2.De wereldmarkt voor bananen

Volgens de FAO 4 behoren bananen tot de wereldwijd meest geproduceerde, verhandelde en geconsumeerde vruchten. Bananen spelen een belangrijke rol bij de voedselzekerheid en de werkgelegenheid in verschillende minst ontwikkelde landen en landen met een voedseltekort, waar zij worden gebruikt als basisvoedingsmiddel voor lokale huishoudens en als handelsgewas.

Bananen worden hoofdzakelijk geproduceerd in Azië, LatAm en Afrika. India en China zijn de grootste producerende landen, maar het grootste deel van hun productie wordt in eigen land verbruikt. De wereldhandel in bananen is ongekend toegenomen als gevolg van een aanzienlijke stijging van de totale importvraag en een sterke groei van het aanbod in de belangrijkste exporterende landen, met name Ecuador en de Filipijnen.
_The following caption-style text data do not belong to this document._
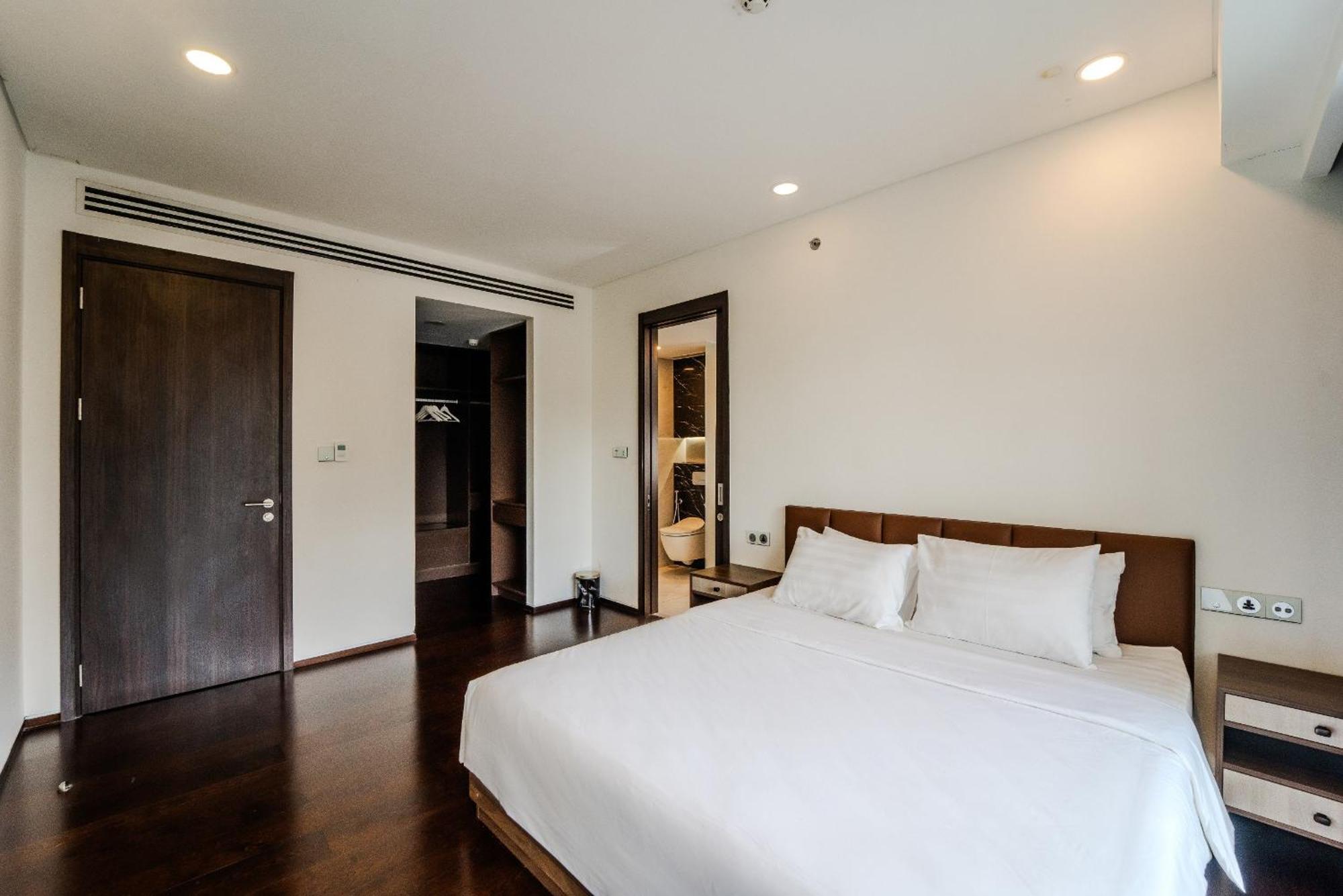 Serenity Saigon Sky Villas - Free One Way Airport Shuttle Ho Či Minovo Město Exteriér fotografie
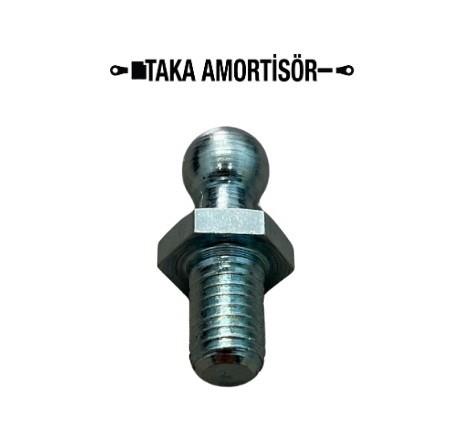 Gazlı Amortisör Başlığı Din 71803  Kürebaş  M10 KÜRE16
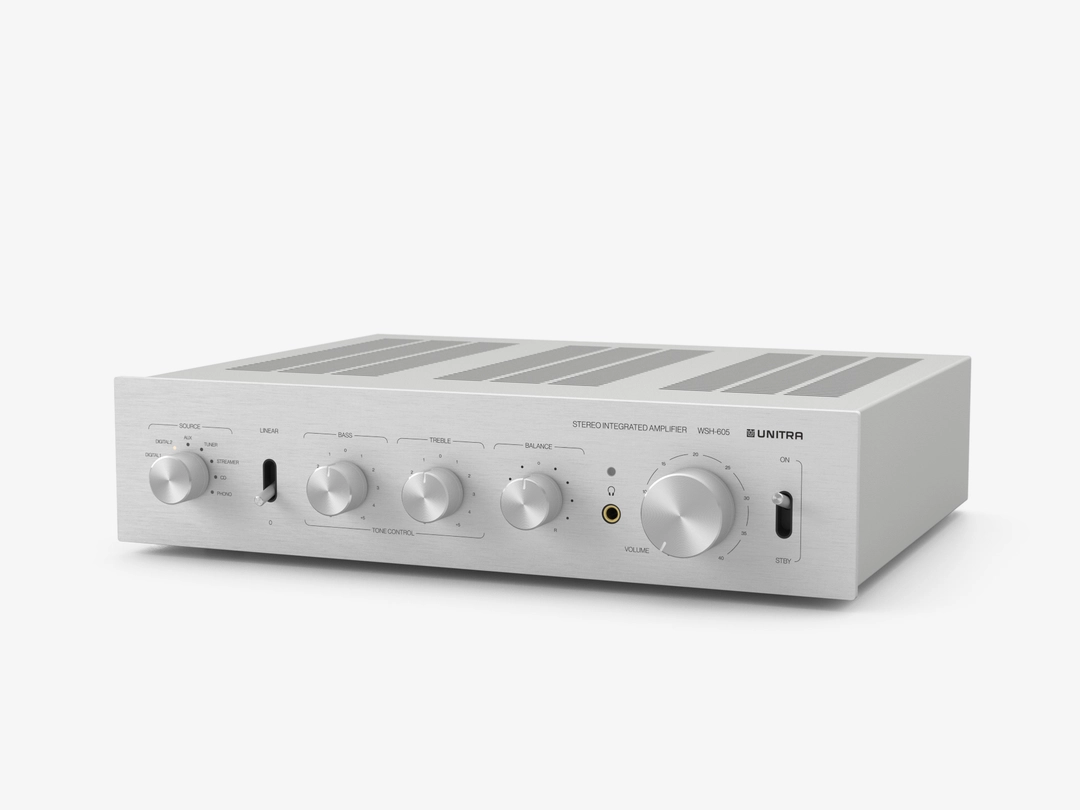 Unitra WSH-605  Wzmacniacz zintegrowany stereo Gliwice (raty 0%)   - Media Hit - Sklep audio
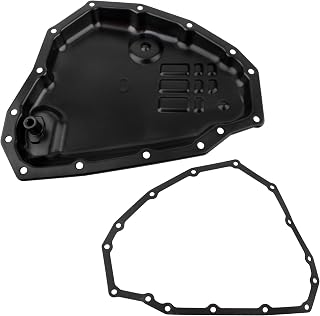 BOXI 265-842 Transmission Oil Pan with Gasket Fits for Nissan Sentra 2013-2016 Versa 2012-2016 Versa Note 2014-2019 / Replaces 31390-3JX0A 313903XX0B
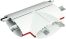 RV connector T white
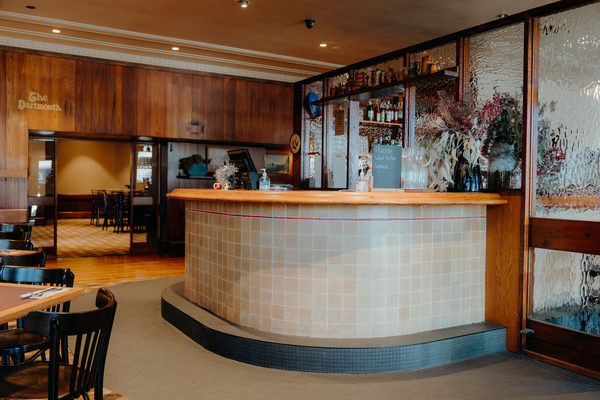 Hospitality fit-out and venue detail at Orrong Hotel, Toorak by WB Built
De grootste importeurs in 2020 waren de EU (5,2 miljoen ton), de Verenigde Staten (4,2 miljoen ton), China (1,8 miljoen ton), de Russische Federatie (1,5 miljoen ton), Japan (1,1 miljoen ton) en het Verenigd Koninkrijk (1 miljoen ton) 5 . De bananenmarkt heeft dus een mondiale dimensie en diverse internationale en binnenlandse factoren kunnen van invloed zijn op het concurrentievermogen van de sector.

3.De EU-markt voor bananen

3.1.Invoervolumes en totaal aanbod 6

In de EU is het totale aanbod, bestaande uit invoer en eigen productie, sinds 2012 met 37 % gestegen tot 5,8 miljoen ton in 2021. In dat jaar vertegenwoordigde de EU-productie van 0,64 miljoen ton ongeveer 11 % van het totale aanbod, terwijl de invoer voornamelijk afkomstig was uit LatAm-landen (4,3 miljoen ton ofwel 74 % van het aanbod), gevolgd door ACS-landen (0,85 miljoen ton ofwel 15 %).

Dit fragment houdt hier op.